Tilting at Windmills

Windmills are a favorite of the granola and birkenstock posse, but they are really a sort of stupid idea except as a tertiary, supplemental form of power. Sometimes, the wind doesn't blow. Sometimes, it blows too much:

Am I the only one creeped out by the BP ads, where some idiot man- or woman-in-the-street gives their half-assed opinion about where we ought to get power? Some yutz talks about how great solar power is. It is also a good supplemental supply, but right now, solar's contribution to powering the world is best measured in parts-per-million.

I recognize that oil is a finite resource (though it is routinely underestimated), but I also know that the solution isn't some goddammed oil company feeding off subsidies while they pretend to create the next energy source. And it sure as hell isn't like they are really listening to some yokel in his porch swing opine about energy economics. Beyond Petroleum, my ass. The sunshine these bastards are trying to pump up our skirts isn't going to drive a solar grid.

I don't like being patronized. Just pump the oil out of the fucking ground, BP. Soon enough, the forces of supply and demand will knock you off your high horse unless we are bamboozled into giving you even more tax money to keep us under your thumb.

Tuesday, March 04, 2008

Home Sweet Home

I've been following election returns tonight. I don't really care about the outcome as much as I enjoy the spectacle. It's like some sort of extremely perverted sport.

While checking the news items, I came across this photo of Earth and its moon, taken from the Mars Reconnaissance Orbiter back in October of last year.

If you look really closely, you can see Hillary, Obama, and McCain gathering lawyers in to corrals for the election this fall.

Actually, it is comforting to see how all our political chicanery is invisible from an interplanetary perspective.

A thousand years from now, people won't remember Barak Obama, or Hillary Clinton, or John McCain, unless you count ancient history scholars. But they will remember that this was the age when we left Earth to visit the moon and planets. Whether they look back on this as a golden age, or hopelessly primitive, I'll never know. But assuming both humanity and history still exists, this will be noted as the time when we first looked on the face of other worlds, and on our own from that perspective.

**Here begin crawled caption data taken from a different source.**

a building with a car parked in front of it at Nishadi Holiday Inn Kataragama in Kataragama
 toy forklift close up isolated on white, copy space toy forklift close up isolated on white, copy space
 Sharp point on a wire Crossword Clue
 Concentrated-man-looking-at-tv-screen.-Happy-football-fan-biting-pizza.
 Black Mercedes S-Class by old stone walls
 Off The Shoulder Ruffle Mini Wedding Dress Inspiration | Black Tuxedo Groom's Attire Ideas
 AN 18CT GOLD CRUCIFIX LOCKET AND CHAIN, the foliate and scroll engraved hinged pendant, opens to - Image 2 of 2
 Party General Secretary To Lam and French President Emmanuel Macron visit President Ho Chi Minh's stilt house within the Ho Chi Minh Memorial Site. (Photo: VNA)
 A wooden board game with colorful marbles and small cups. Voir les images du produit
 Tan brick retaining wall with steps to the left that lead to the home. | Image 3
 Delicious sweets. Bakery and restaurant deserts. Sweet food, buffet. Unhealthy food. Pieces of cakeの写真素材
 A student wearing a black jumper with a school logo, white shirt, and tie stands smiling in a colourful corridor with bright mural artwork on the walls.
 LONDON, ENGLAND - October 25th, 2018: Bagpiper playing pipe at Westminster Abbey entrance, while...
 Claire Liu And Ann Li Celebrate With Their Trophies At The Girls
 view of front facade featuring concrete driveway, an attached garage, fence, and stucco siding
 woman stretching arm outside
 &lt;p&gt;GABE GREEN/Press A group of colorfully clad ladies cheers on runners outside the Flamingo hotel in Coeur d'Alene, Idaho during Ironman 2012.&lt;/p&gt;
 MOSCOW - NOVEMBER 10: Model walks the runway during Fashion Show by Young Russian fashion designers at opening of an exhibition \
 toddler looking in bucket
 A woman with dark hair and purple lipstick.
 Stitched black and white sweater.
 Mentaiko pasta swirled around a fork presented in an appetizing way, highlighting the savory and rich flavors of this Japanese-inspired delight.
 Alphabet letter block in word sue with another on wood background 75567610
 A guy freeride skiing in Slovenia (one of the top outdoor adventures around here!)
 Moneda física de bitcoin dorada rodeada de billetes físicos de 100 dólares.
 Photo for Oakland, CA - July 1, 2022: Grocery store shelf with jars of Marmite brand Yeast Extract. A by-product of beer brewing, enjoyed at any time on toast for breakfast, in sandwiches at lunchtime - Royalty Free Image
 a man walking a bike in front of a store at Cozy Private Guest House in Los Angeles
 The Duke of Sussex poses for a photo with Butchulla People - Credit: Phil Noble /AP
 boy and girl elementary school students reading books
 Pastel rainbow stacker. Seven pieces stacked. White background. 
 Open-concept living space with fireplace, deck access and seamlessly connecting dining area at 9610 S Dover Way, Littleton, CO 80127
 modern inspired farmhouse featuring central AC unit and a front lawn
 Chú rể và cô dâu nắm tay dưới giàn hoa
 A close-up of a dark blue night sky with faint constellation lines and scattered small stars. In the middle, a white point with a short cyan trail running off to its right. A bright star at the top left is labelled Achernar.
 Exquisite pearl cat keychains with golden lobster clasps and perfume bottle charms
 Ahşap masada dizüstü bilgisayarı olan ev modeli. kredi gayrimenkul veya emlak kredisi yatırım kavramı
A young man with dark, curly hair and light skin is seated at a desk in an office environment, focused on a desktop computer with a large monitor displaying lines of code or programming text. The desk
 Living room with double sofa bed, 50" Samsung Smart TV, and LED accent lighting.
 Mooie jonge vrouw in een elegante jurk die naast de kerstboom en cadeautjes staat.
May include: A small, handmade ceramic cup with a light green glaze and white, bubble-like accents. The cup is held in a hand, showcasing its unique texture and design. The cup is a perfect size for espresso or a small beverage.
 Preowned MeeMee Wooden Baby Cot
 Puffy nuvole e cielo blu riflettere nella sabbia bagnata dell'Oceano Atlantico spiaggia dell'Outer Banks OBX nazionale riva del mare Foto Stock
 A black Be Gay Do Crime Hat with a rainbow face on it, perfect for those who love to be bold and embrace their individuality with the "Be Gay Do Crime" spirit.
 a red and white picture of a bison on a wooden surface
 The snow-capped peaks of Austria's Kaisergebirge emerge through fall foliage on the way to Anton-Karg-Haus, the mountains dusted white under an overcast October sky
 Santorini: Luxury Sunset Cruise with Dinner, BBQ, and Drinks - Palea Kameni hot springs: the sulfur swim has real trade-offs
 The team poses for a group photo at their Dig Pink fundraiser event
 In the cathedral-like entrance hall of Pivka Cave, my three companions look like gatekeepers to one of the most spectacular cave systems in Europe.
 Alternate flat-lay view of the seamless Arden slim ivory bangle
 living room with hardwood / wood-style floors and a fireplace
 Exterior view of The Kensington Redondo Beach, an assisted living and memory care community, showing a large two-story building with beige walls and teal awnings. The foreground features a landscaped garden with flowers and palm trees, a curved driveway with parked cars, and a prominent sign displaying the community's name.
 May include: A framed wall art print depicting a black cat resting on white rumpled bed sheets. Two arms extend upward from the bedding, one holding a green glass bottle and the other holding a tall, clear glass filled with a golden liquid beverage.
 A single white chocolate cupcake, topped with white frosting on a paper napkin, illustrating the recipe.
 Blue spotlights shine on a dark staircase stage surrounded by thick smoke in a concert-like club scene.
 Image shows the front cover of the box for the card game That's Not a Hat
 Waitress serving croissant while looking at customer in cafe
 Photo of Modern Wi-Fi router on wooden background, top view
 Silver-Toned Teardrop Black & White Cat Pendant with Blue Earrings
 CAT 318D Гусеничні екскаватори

When people sneer at the accomplishments of the space program, and stomp their feet and demand that the resources would be better spent here on Earth, I take a great deal of unholy pleasure in thinking that I don't know the names of any of the critics of Galileo, or Columbus, or the Wright Brothers. None. I suspect the verdict of history will be similar for the small minds that insist that we stay here, where we 'belong', and forgo exploration to hew to whatever doctrine they count as important.

Monday, March 03, 2008


more confident
Originally uploaded by sciencedave

This is Frank, also called Frankie. Short for Francis. I was sort of hoping to name him Brak, but was overruled.

He is our fourth and (oh please, God) our last cat for a while. He is very relaxed. Our tabby wanted to push him around the first few days, but he finally took up for himself, and everything is now fine. Lucy (the tabby) will hiss at him once in a while, but he's a good bit bigger than she is, and now that he has shown that he will defend himself, it's all bluster on her part.

As a scientist, I am drawn to cats because they are very complex and intelligent, but unlike dogs, they haven't been molded to do our will. They do what they do with minimal perturbation caused by any expectations we humans have for them. I admire that.